_Work to be completed_. Look through the data below and output, unchanged, every line from the one holding "Used 2024 Honda Accord EX Sedan" through the one holding "eramazan34's tweet photo.", inclusive. Skip the pictures.

_Record extracts_.
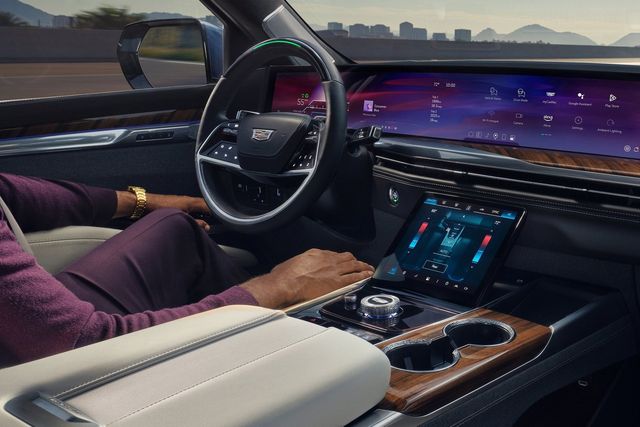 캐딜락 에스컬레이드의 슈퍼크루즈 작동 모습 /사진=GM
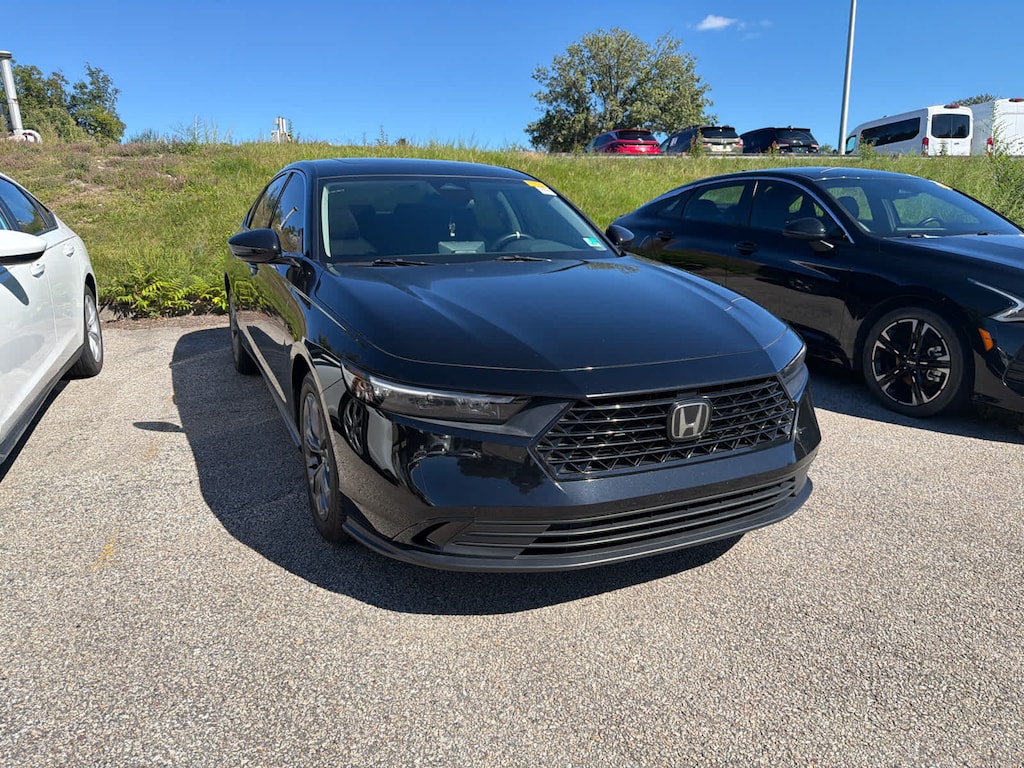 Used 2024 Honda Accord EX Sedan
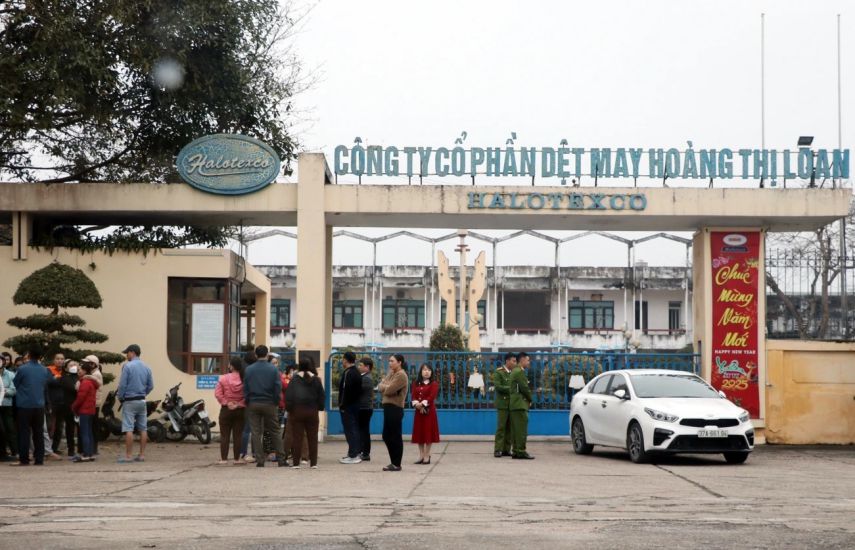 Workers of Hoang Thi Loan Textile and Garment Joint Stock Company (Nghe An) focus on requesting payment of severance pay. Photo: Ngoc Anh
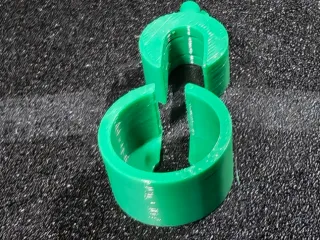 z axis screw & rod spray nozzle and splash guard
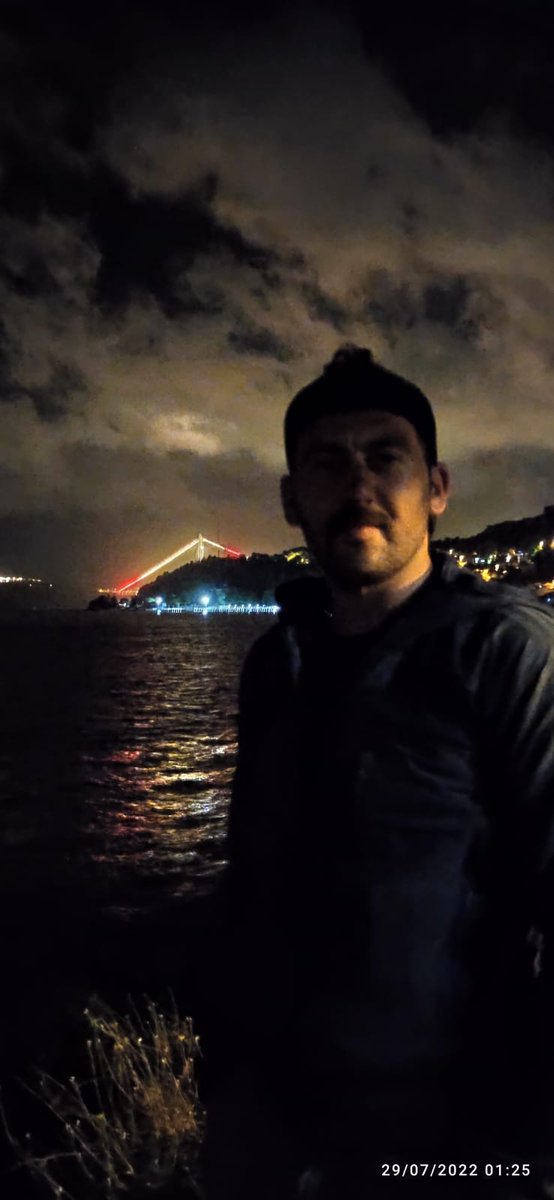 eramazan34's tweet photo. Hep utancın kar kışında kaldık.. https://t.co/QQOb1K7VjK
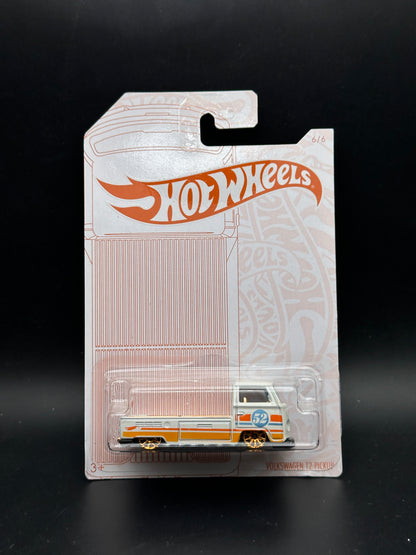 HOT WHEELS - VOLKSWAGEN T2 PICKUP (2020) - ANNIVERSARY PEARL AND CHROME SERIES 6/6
==
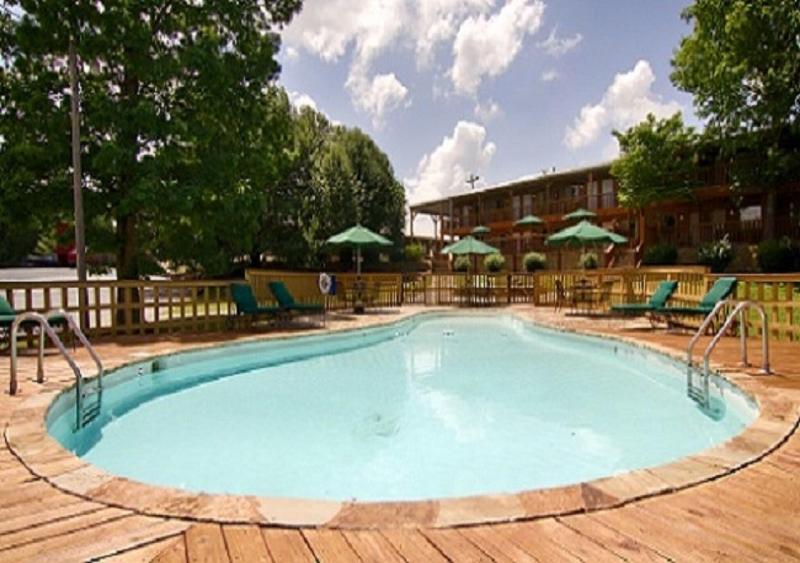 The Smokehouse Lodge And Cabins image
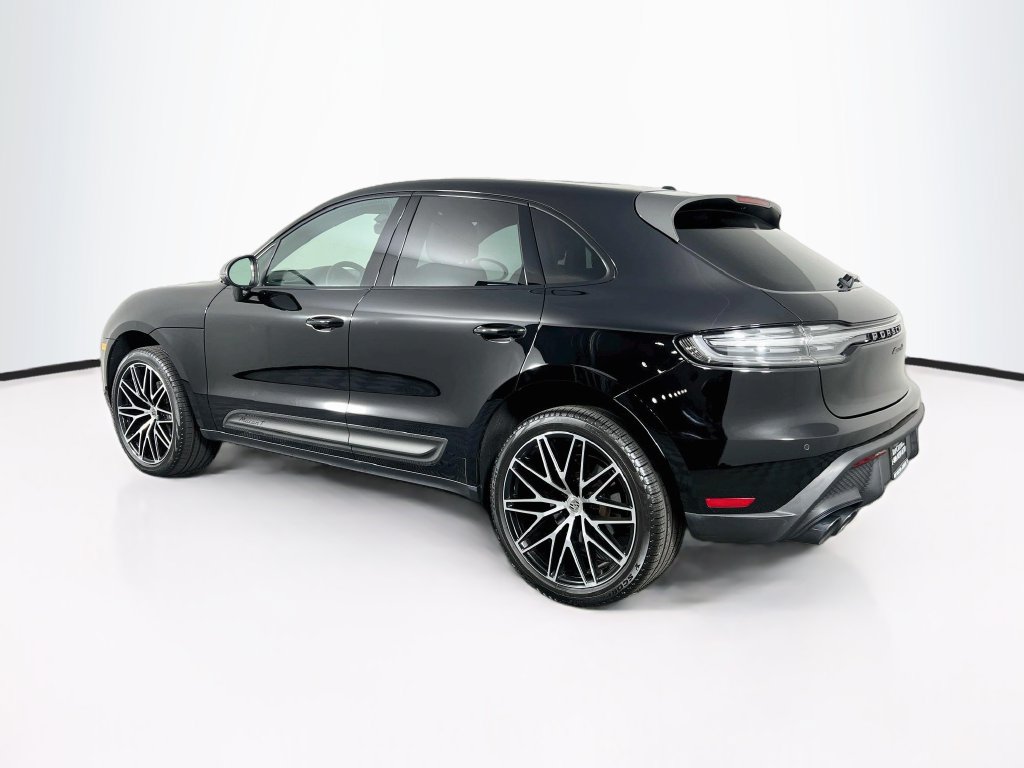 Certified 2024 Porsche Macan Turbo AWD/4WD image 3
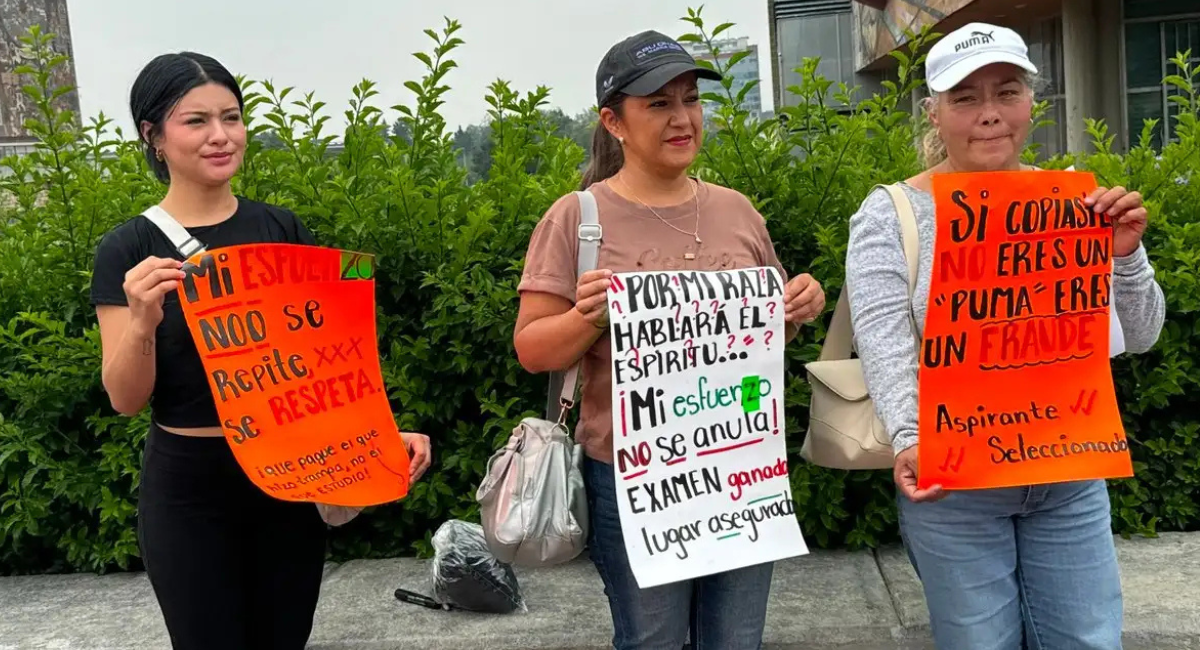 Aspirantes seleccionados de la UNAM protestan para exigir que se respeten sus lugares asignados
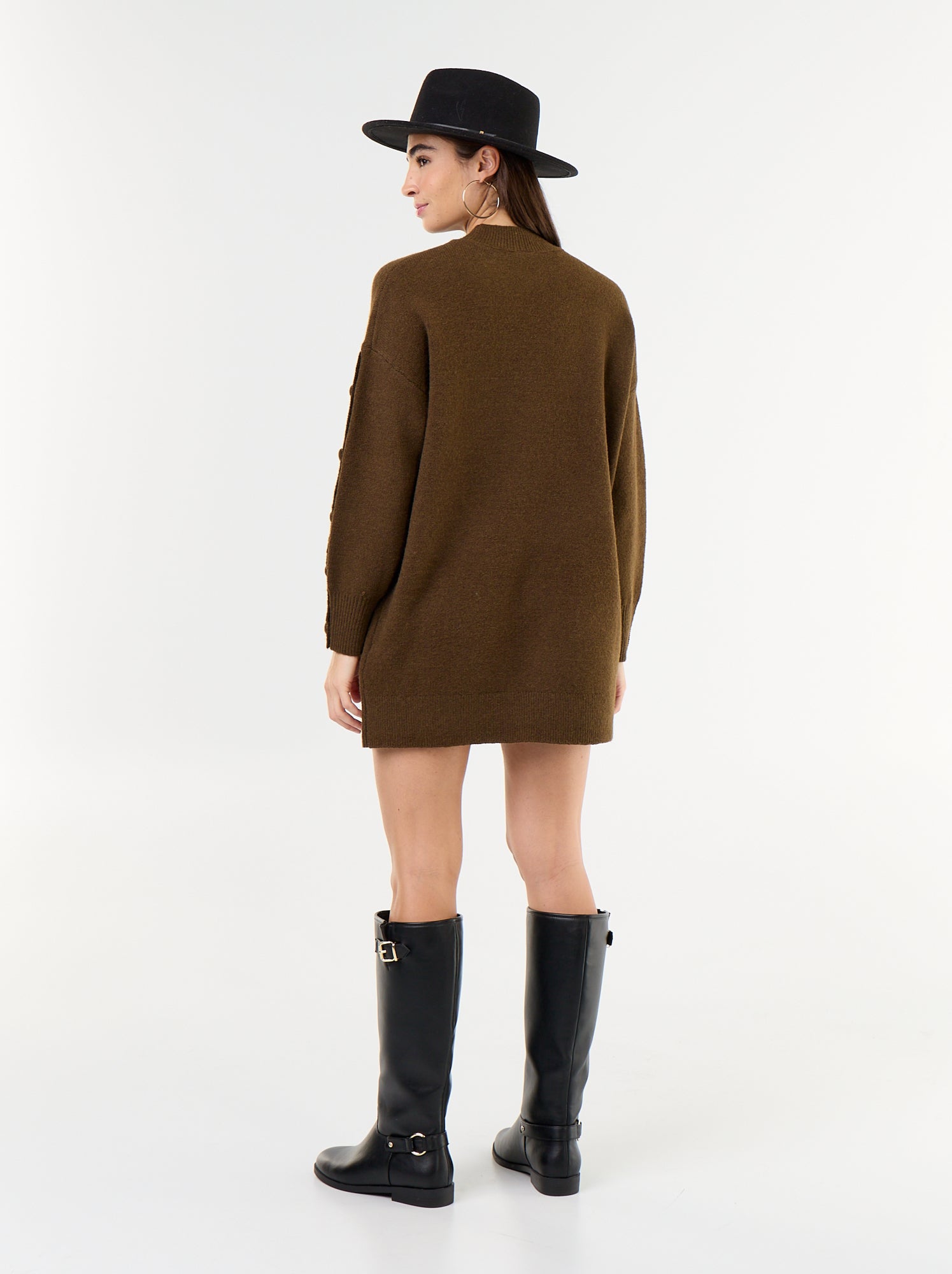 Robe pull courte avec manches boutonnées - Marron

_Expected output_.
 Used 2024 Honda Accord EX Sedan
 Workers of Hoang Thi Loan Textile and Garment Joint Stock Company (Nghe An) focus on requesting payment of severance pay. Photo: Ngoc Anh
 z axis screw & rod spray nozzle and splash guard
 eramazan34's tweet photo. Hep utancın kar kışında kaldık.. https://t.co/QQOb1K7VjK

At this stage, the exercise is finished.